The first 2000 apartments are forecast to be ready for service by the end of March, and NBN Co expects the remaining 4000 will be ready by the end of June.
NBN Co will target the Sydney CBD, Balmain, Elizabeth Bay, Erskineville, Haymarket, Rushcutters Bay, Potts Point, Pyrmont, Randwick, Mascot, Alexandria, and St Leonards in New South Wales. TPG is also rolling out FTTB to Pyrmont and the Sydney CBD.
In Victoria, NBN Co will roll out FTTB to Carlton, Keysborough and Brunswick, and to Civic in the ACT.
NBN Co starting trialling FTTB technology more than a year ago in response to the competitive threat posed by internet service provider TPG and its efforts to connect 500,000 city apartments with its own FTTB services.
NBN Co started business readiness testing and retail service provider onboarding this month ahead of a planned March FTTB product release.
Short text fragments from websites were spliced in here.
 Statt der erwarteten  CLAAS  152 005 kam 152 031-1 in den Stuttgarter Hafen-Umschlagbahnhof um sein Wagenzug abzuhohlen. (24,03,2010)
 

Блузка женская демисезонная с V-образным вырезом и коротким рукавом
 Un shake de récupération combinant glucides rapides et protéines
NBN Co's FTTB pilot - involving 45 end-users in inner-city Melbourne - reported peak average download speeds of 89 Mbps and average upload speeds of 36 Mbps.
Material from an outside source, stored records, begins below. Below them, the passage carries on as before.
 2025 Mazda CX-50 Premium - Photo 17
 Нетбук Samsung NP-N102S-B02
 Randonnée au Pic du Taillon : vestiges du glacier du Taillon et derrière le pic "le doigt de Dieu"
The federal government moved to block TPG's efforts late last year by introducing a new carrier licence condition that would force TPG to provide wholesale access on its network and structurally separate its retail and wholesale businesses.
Earlier this month TPG suspended sales of its FTTB product after claiming it had not been given enough time to develop a wholesale product before the Government's mandated January 1 2015 deadline.
TPG told Govt it wouldn't be able to meet deadline
TPG warned Communications Minister Malcolm Turnbull late last year it would not be able to meet the January 1 deadline, and asked him to hold off on introducing the license while the company completed a wholesale product it had already started developing.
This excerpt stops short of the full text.